The present study aimed to identify other miRNAs than miR-122 that could also be indicators of hepatic IR. Recent studies have described miR-21 as a potential biomarker of non-alcoholic fatty liver disease, hepatocellular cancer (27) and chronic type B hepatitis (27). The present study shows that the relative expression of miR-21 in serum increased significantly after IR, while the expression of miR-21 was unaffected in liver tissue compared with sham. In contrast to miR-122, the elevated level of circulating miR-21 did not correlate with the activity of liver enzymes. This may be due to the lower expression level of miR-21 compared with miR-122 in liver tissue (28), which leads to a decreased release of miR-21 following hepatocellular damage.
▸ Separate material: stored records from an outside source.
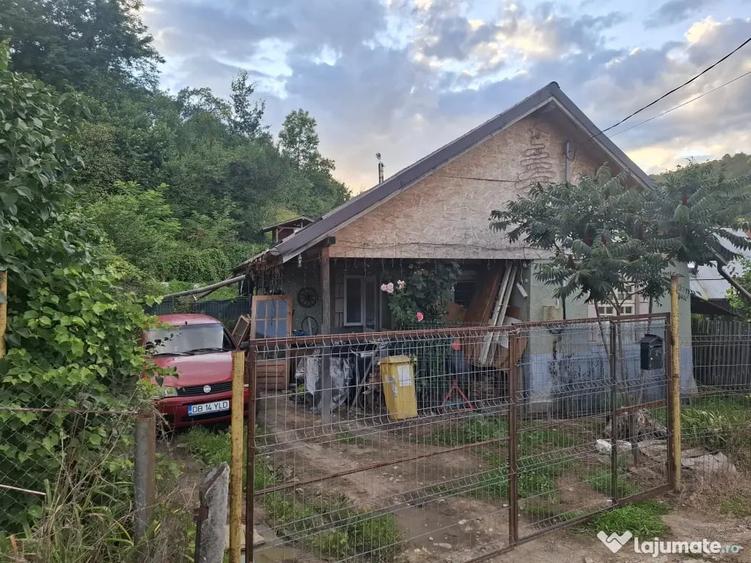 Casă cu 3 camere în Valea
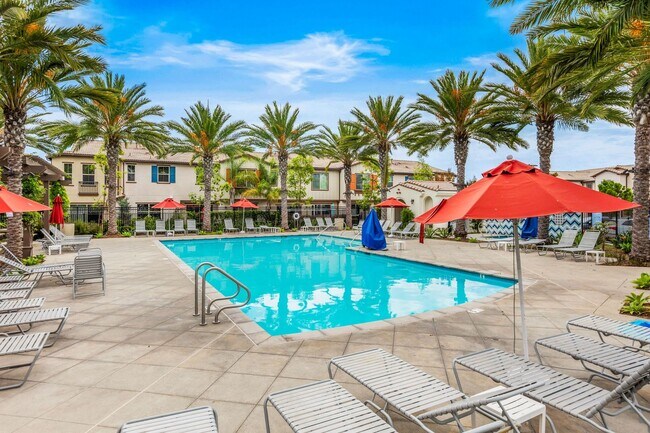 Building Photo - Highly upgraded 3 Bed 3 Bath Townhome with Resort Style Amenities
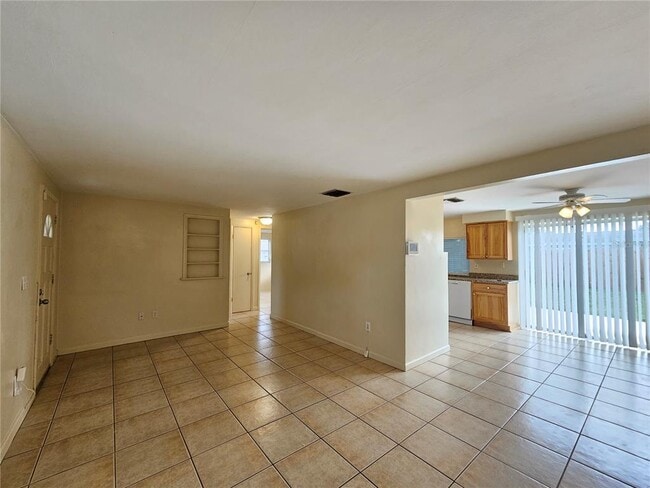 Building Photo - 4332 Newbury Dr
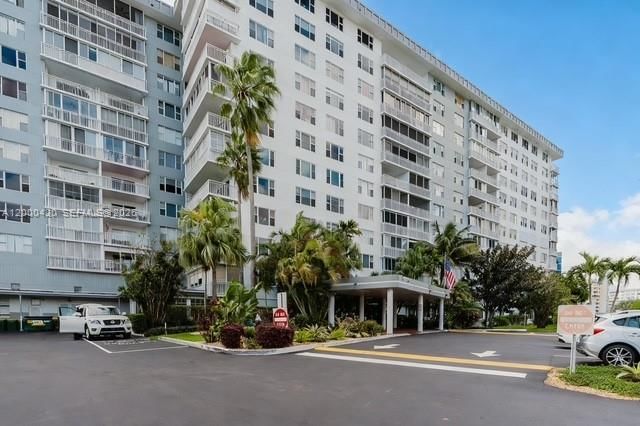 Real estate property located at 3800 Hillcrest Dr #411, Broward, Hillcrest East No 25 Cond, Hollywood, FL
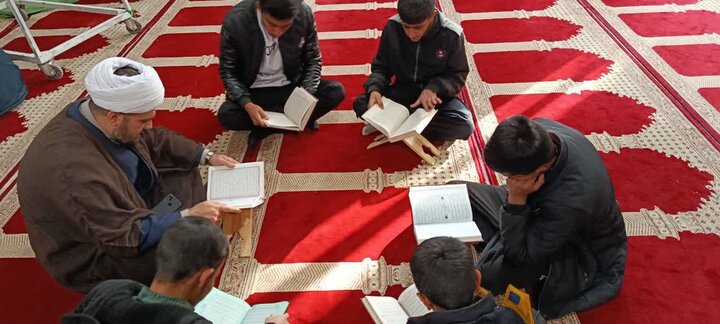 تصاویر/برگزاری مراسم شنبه های قرآنی در مدرسه علمیه نورآباد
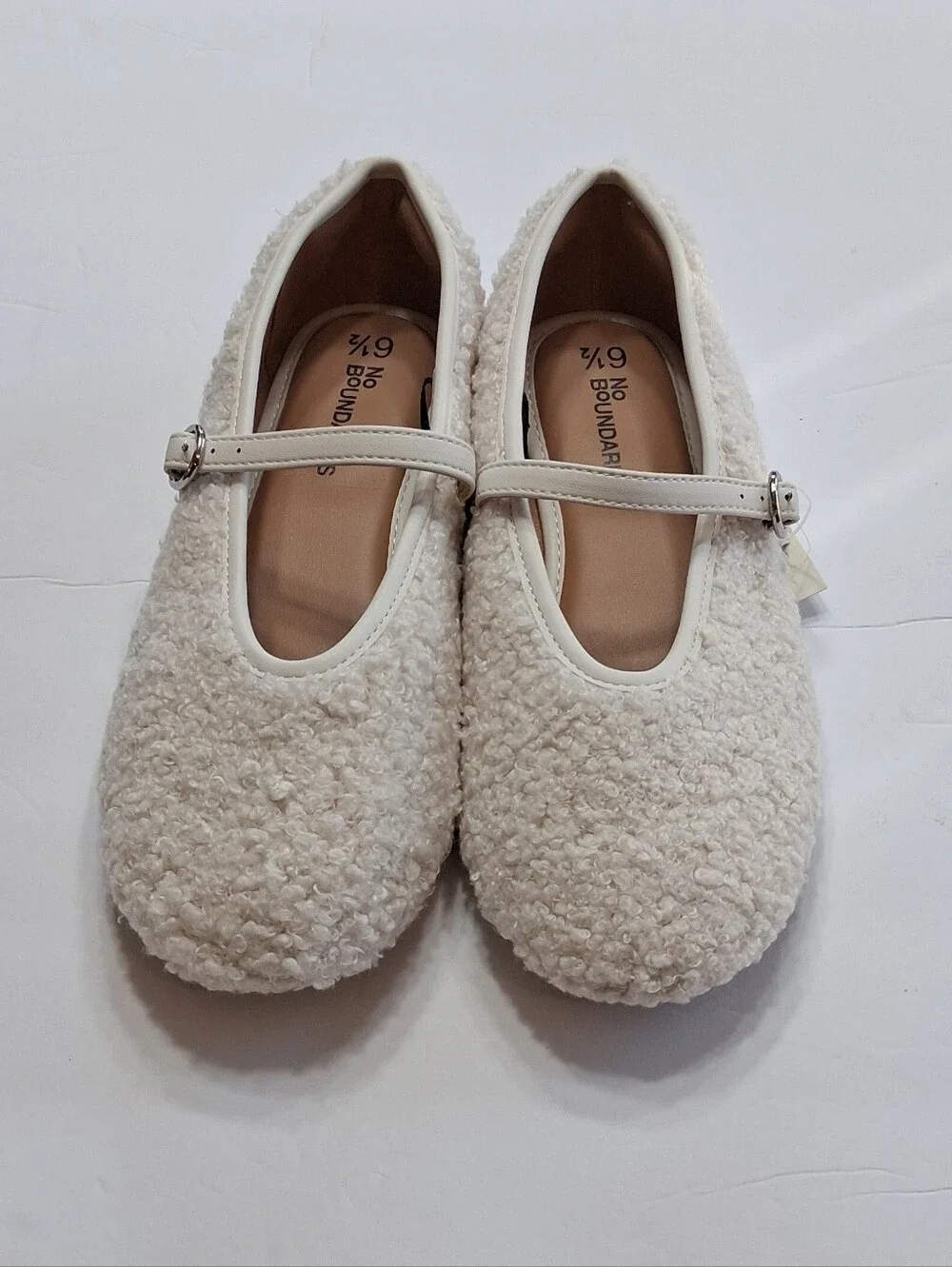 No Boundaries Cream Off-White Faux-Shearling Mary Jane Flats Women's Size 11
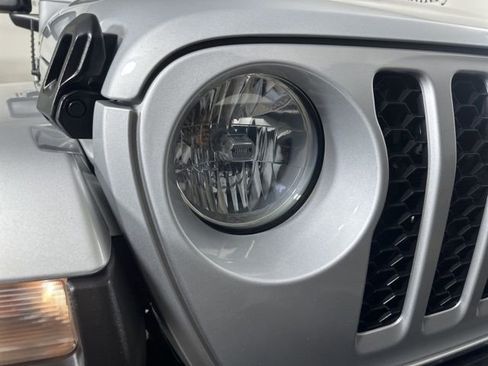 Used 2022 Jeep Gladiator Sport image 4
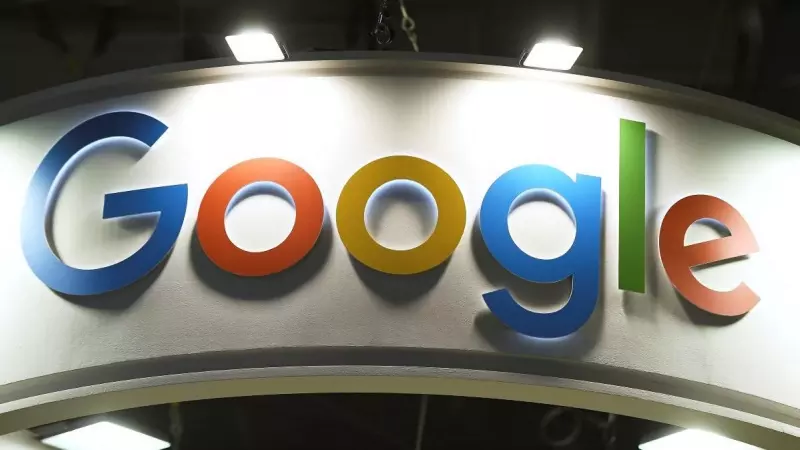 Foto de archivo tomada el 31 de enero de 2023 en la que se ve el logotipo de Google durante el Integrated Systems Europe celebrado en Barcelona.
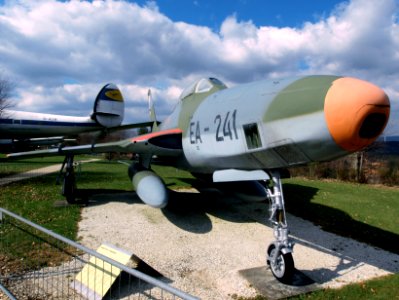 Republic RF-84 F Thunderflash pic1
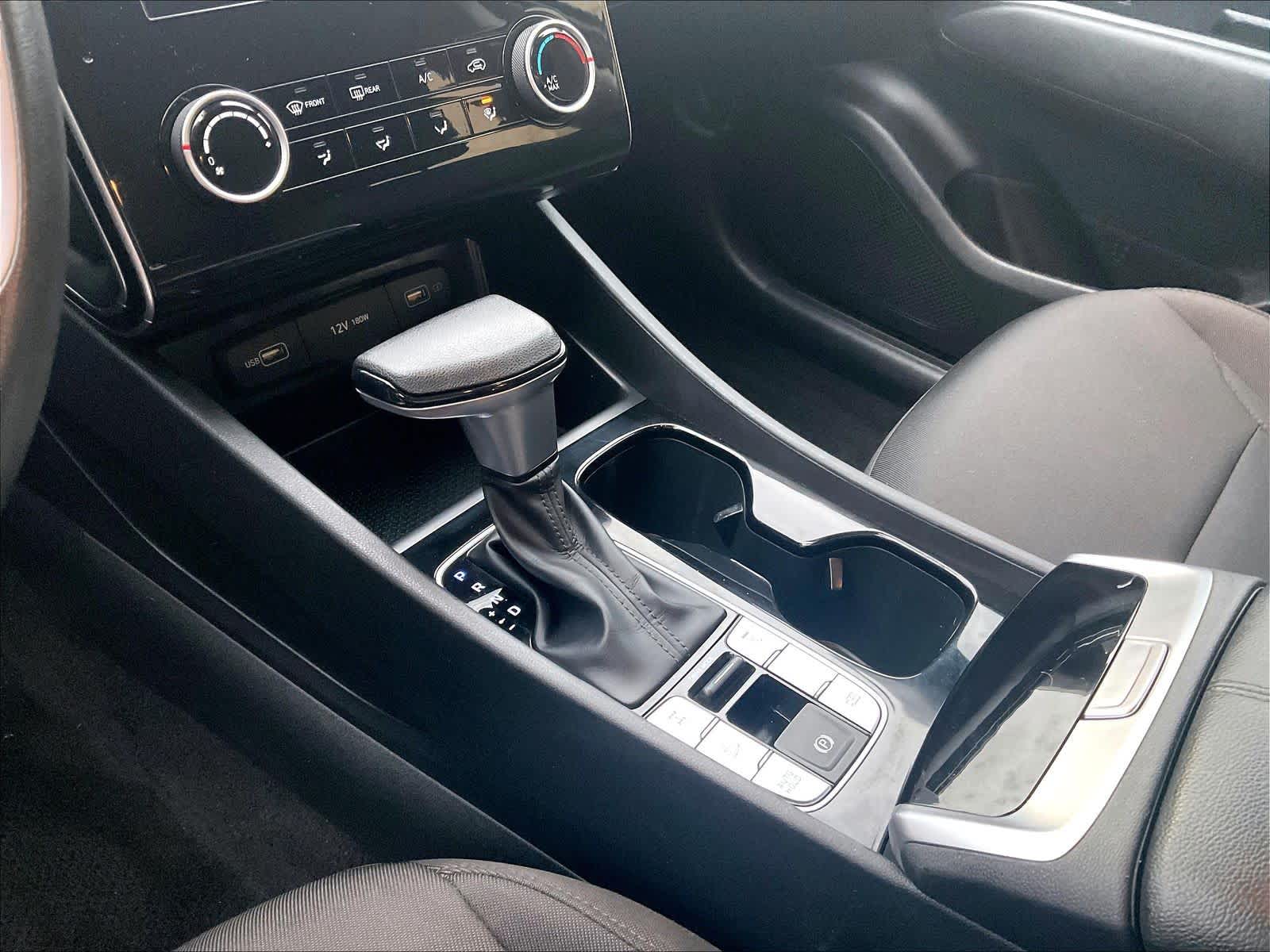 2023 Hyundai Tucson SE - Photo 21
Another promising miRNA for quantification of hepatic injury after IR is miR-223. Yu et al showed in a murine in vivo model of hepatic IR an increase in the expression level of miR-223 in liver tissue (15). Furthermore, relative hepatic expression of miR-223 correlated well with ALT and AST activity in the context of IR. However, the expression of circulating miR-223 was not analysed. In the present study these findings of elevated expression of miR-223 in the liver after IR were confirmed; however, no correlation with the serum activity of liver enzymes could be detected. In addition, the level of circulating miR-223 remained unchanged. The role of miR-223 in the context of hepatic IR is unclear. Myeloid cells show a high expression of miR-223 with granulocytes expressing the highest levels (29). Therefore, the elevated level of miR-223 in the liver following IR most likely reflects the invasion of inflammatory cells, particularly granulocytes (30).
In conclusion, it was demonstrated that circulating miR-122 levels are elevated after exclusive warm hepatic IR. Furthermore, the level of circulating miR-122 correlates with ALT, AST and LDH levels and therefore represents a promising candidate biomarker of liver injury following warm IR.